Ventilator Dependence and Control of Breathing

Patients with CCHS have deficient CO 2 sensitivity during wakefulness and sleep such that they do not respond with a normal increase in ventilation in either state nor do they arouse in response to hypercarbia and/or hypoxemia during sleep. During wakefulness, a subset of patients may respond sufficiently to avoid significant hypercarbia, but most individuals with CCHS have hypoventilation that is severe enough that hypercarbia is apparent in the resting awake state. Children with CCHS also have altered sensitivity to hypoxia while awake and asleep. A key feature of CCHS is the lack of respiratory distress or sense of asphyxia with physiologic compromise (hypercarbia and/or hypoxemia).
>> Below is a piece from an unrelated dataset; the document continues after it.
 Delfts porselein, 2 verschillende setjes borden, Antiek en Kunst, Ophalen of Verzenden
This lack of responsiveness to hypercarbia and/or hypoxemia, which can result in respiratory failure, does not consistently improve with advancing age. A subset of older children with CCHS may show an increase in ventilation (specifically increase in respiratory rate rather than increase in tidal volume) when they are exercised at various work rates. This response is possibly secondary to neural reflexes from rhythmic limb movements, although an increase in minute ventilation is often insufficient to avoid physiologic compromise. Report of oral contraceptives improving awake CO 2 chemosensitivity in 2 adult women suggests need for further exploration.
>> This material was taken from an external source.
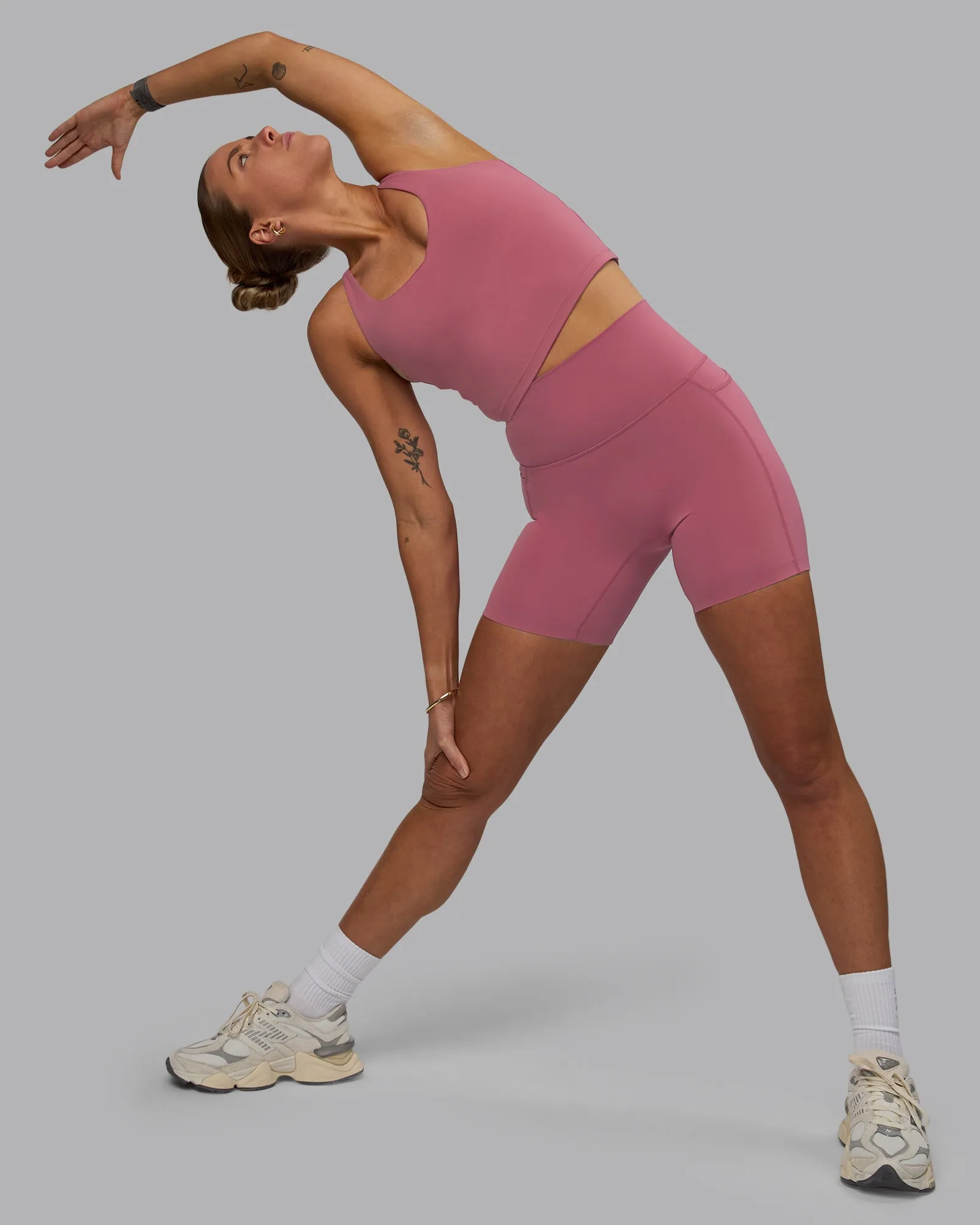 Elixir Mid Short Tight With Pockets - Mauve Haze sold by LSKD product image thumbnail 2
The greater the number of extra alanines, the more likely the need for continuous ventilatory support, at least among the most common PHOX2B PARM genotypes (20/25, 20/26, 20/27). Thus, patients with the 20/25 genotype seldom require awake ventilatory support, although they do require artificial ventilation during sleep. Patients with the 20/26 genotype have variable awake support needs, but all require artificial ventilation during sleep. Patients with the 20/27 genotype and those with NPARMs are likely to need continuous ventilatory support. Although PHOX2B genotype seems to anticipate severity of hypoventilation, it does not correlate with exogenous ventilatory challenge responses. Infants and young children as a group have improved ventilatory response slopes while awake, but this advantage seems to vanish by school age.
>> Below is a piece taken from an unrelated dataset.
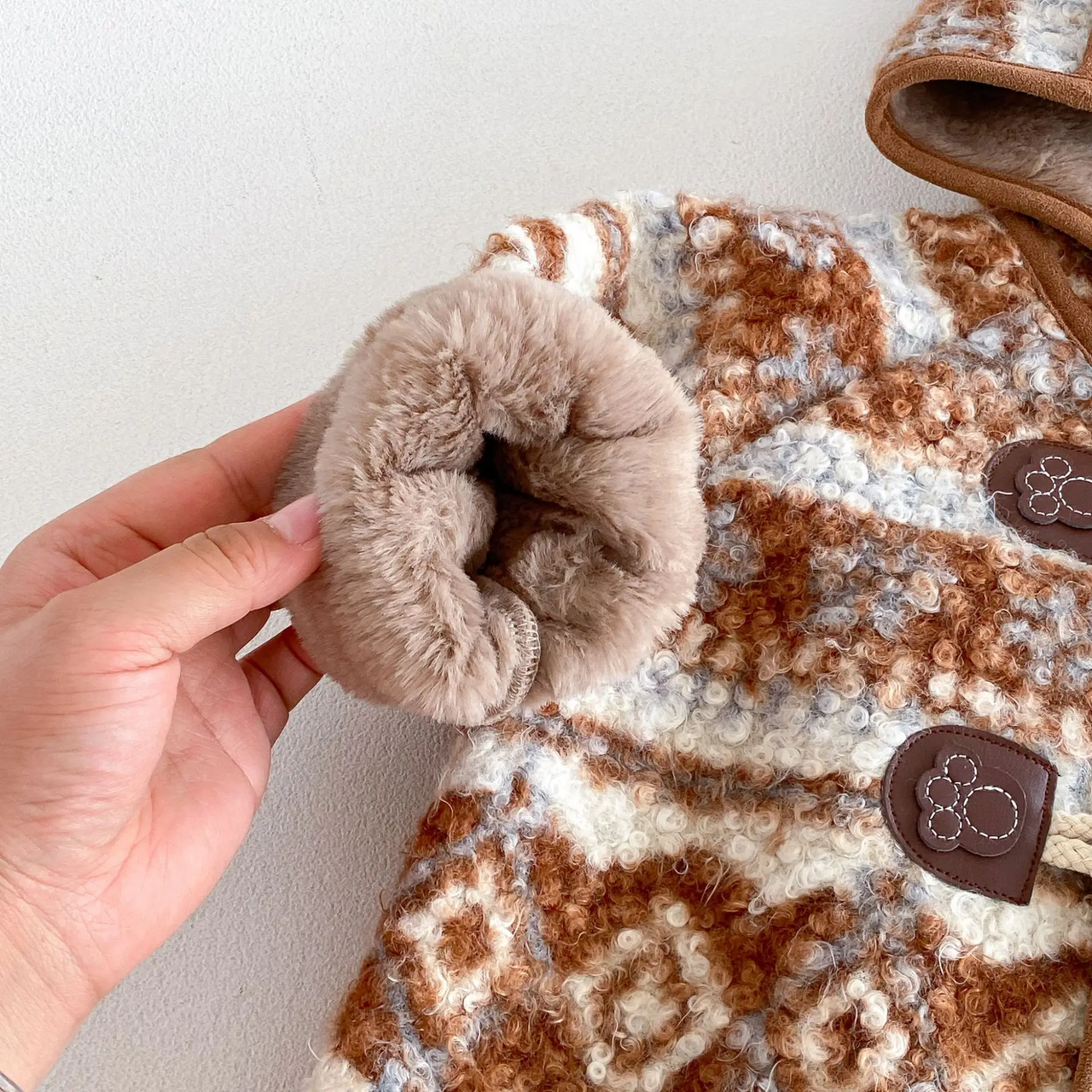 LittleWarm – Hyggelig og stilfuld – Vinterfrakke med Fair Isle-mønster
Hirschsprung Disease ( Chapter 358 )

Overall, 20% of children with CCHS also have Hirschsprung disease (HSCR), and any infant or child with CCHS or LO-CCHS who presents with constipation should undergo rectal biopsy to screen for absence of ganglion cells. The frequency of Hirschsprung disease seems to increase with the longer polyalanine repeat tracts (genotypes 20/27-20/33) and in those with NPARMs. Thus far, only 1 infant with the 20/25 genotype has ever been reported to have Hirschsprung disease. Even in cases without frank HSCR disease, individuals with CCHS may display symptoms of gastrointestinal abnormalities such as severe constipation and abnormal esophageal motility, suggesting ganglion cell dysfunction.

Tumors of Neural Crest Origin ( Chapter 525 )

Tumors of neural crest origin are more frequent in patients with NPARMs (50%) than in those with PARMs (1%). These extracranial tumors are more often neuroblastomas in individuals with NPARMs, but ganglioneuromas and ganglioneuroblastomas in a small subset of patients with longer PARMs (20/29, 20/30, and 20/33 genotype only). Thus far, only 1 infant with a PARM (20/33 genotype) has been reported to have a neuroblastoma.